Backyard Ultra: os efeitos físicos e mentais de uma ultramaratona sem fim

Por Alex Hutchinson*

Backyard Ultra
Foto: Oleg Breslavtsev / Getty / Outside USA.

Cientistas recentemente examinaram a fisiologia das Backyard Ultras, formato de corrida cada vez mais popular, onde os atletas correm até desistir

A Backyard Ultra, ou “ultramaratona de quintal”, é uma modalidade peculiar de corrida que não para de ganhar novos adeptos. A prova, idealizada pelo fundador da Barkley Marathons, Gary Cantrell, em 2012, consiste em completar um circuito de 6,7 km (4.16 milhas) a cada hora, somando 160 km em 24 horas, até que você desista. No início, o recorde mundial foi para Harvey Lewis, que completou 108 voltas – equivalente a 725 km em quatro dias e meio.

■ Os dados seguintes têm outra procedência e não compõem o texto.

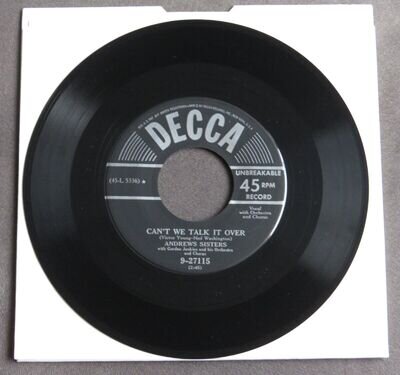 The Andrews Sisters – Can't We Talk It Over 7" Decca – 9-27115 - US Import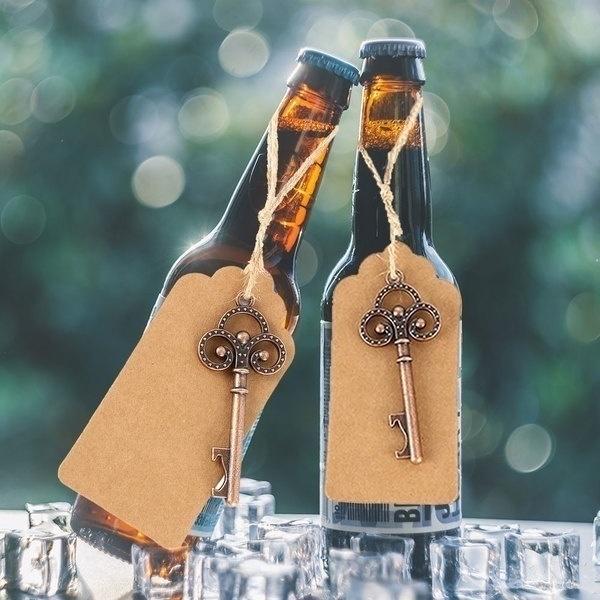 10/20/30Pcs Bottle Opener Wedding Souvenirs Beer Opener Keychain with Paperboard Tag Card Party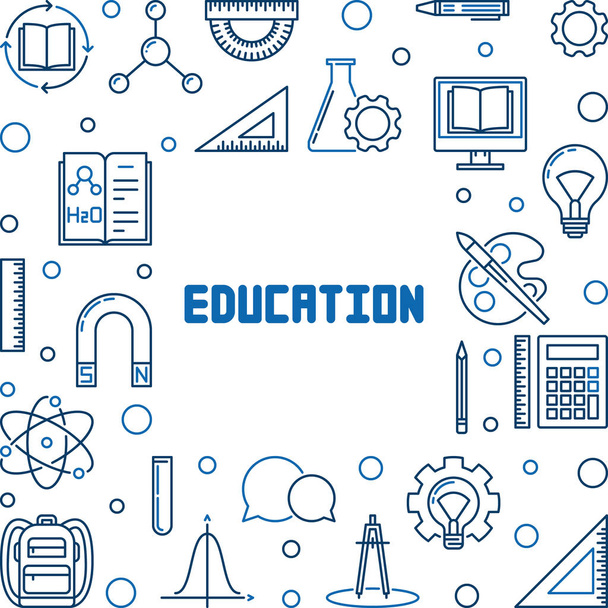 Education vector concept simple frame in thin line style - Вектор,изображение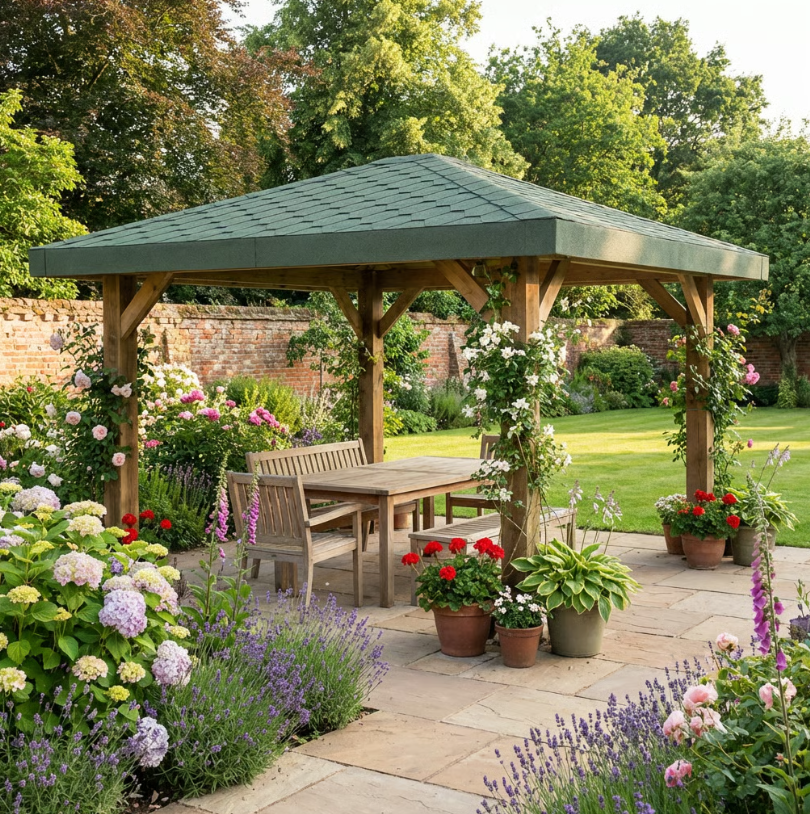 Ruby Wooden 4 Pitch Gazebo with Katepal Green Shingle Roof - Premium Weatherproof Garden Gazebo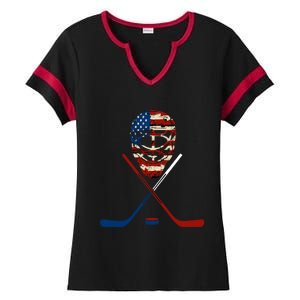 American Hockey Goalie Patriotic Hockey Player Keeper Funny Gift Cute Gift Ladies Halftime Notch Neck Tee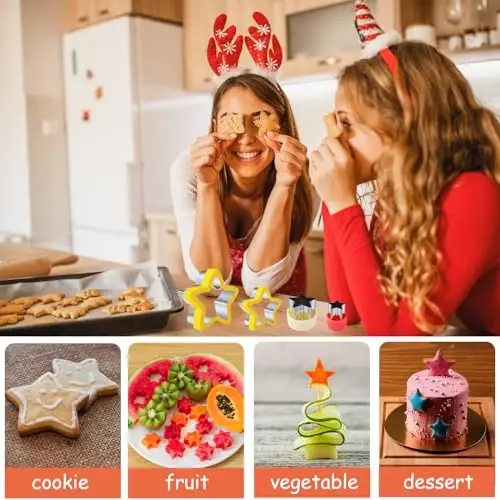 Star Cookie Cutters 4 Pcs, Kimfead Sandwich Cutter for Kids Lunch, Vegetable Fruit Cutters Shapes, Stainless Steel Biscuit Cutters for Children Boys Girls - 6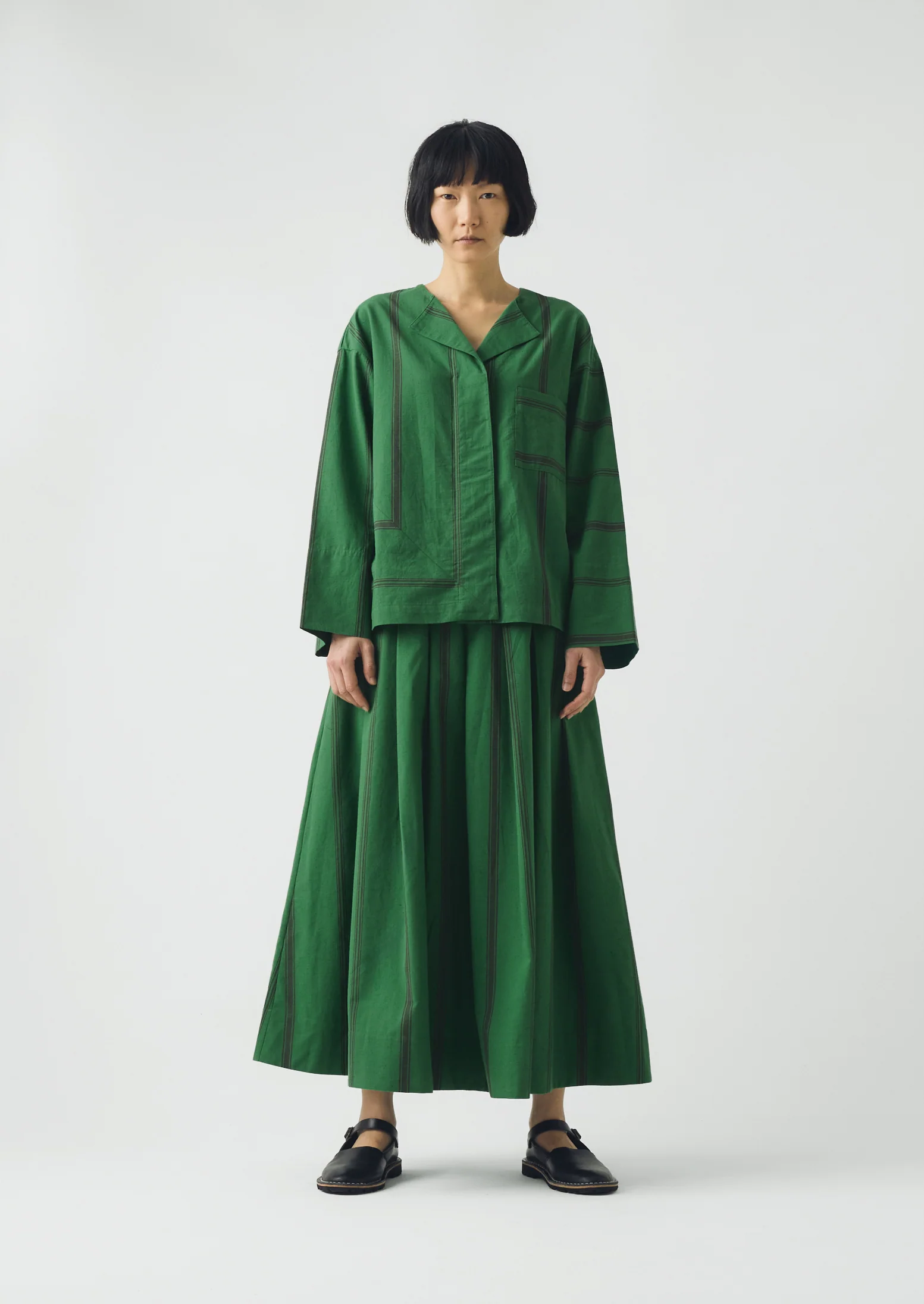 Tea Towel Stripe Long Sleeve Top | Sea Green - Image 3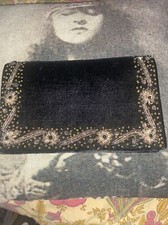 UNBRANDED Elegant Vintage Midnight Black Velvet Beaded Clutch Handbag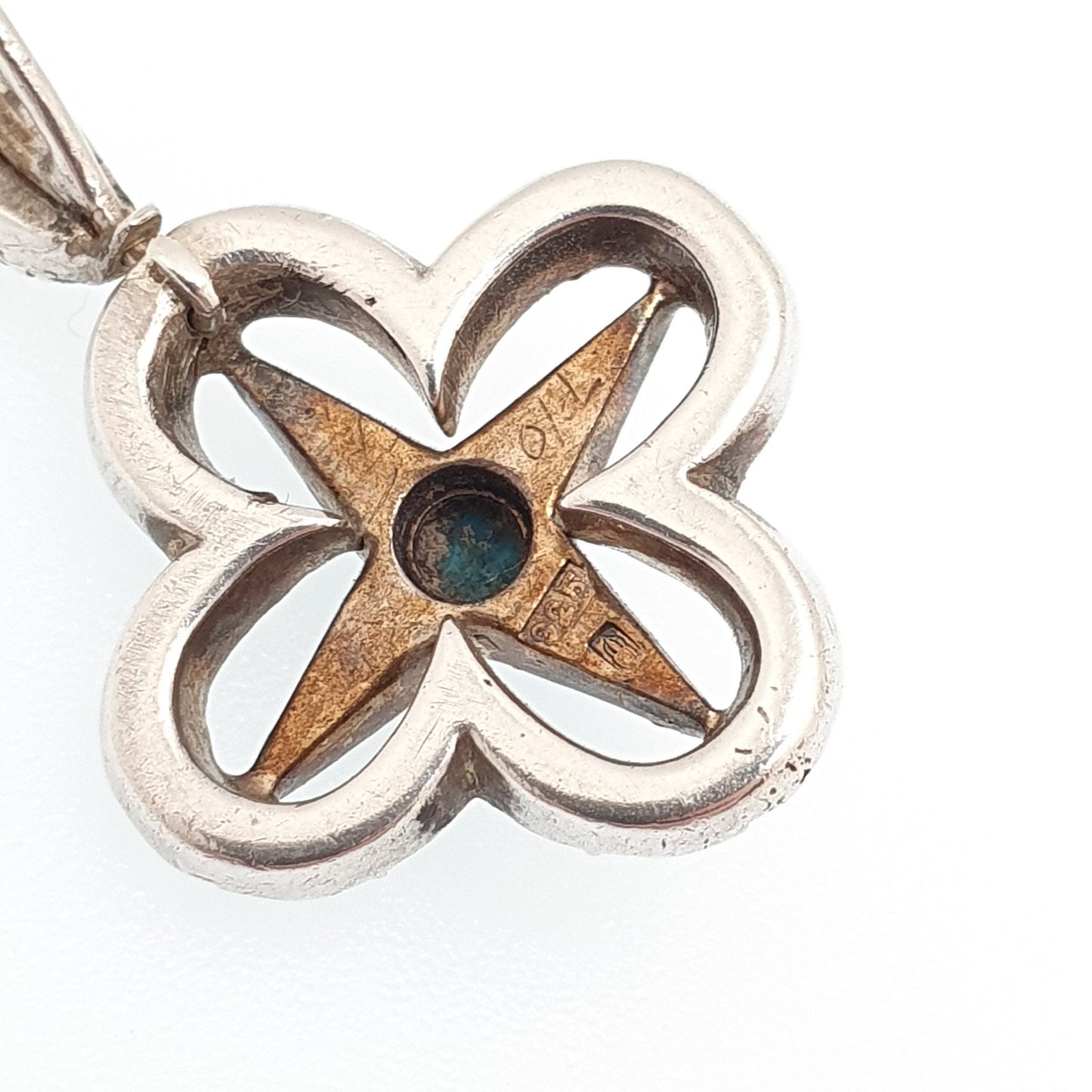 Antique Victorian Sterling Silver Diamond Paste Star Pendant Necklace Turquoise Parisian Diamond Company Cross Vintage Sparkly Foiled Womens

Agora, algumas semanas depois, Lewis caiu para quarto no ranking após três belgas completarem 110 voltas no Campeonato Mundial de Backyard Ultra, que contou com equipes de 61 países. Cantrell estima que pelo menos 2 mil pessoas participaram de provas oficiais de backyard ultra só neste ano. O que começou como uma corrida de nicho agora se tornou uma forma surpreendentemente popular de testar os limites – o que torna o formato intrigante para cientistas que buscam entender o que define esses limites.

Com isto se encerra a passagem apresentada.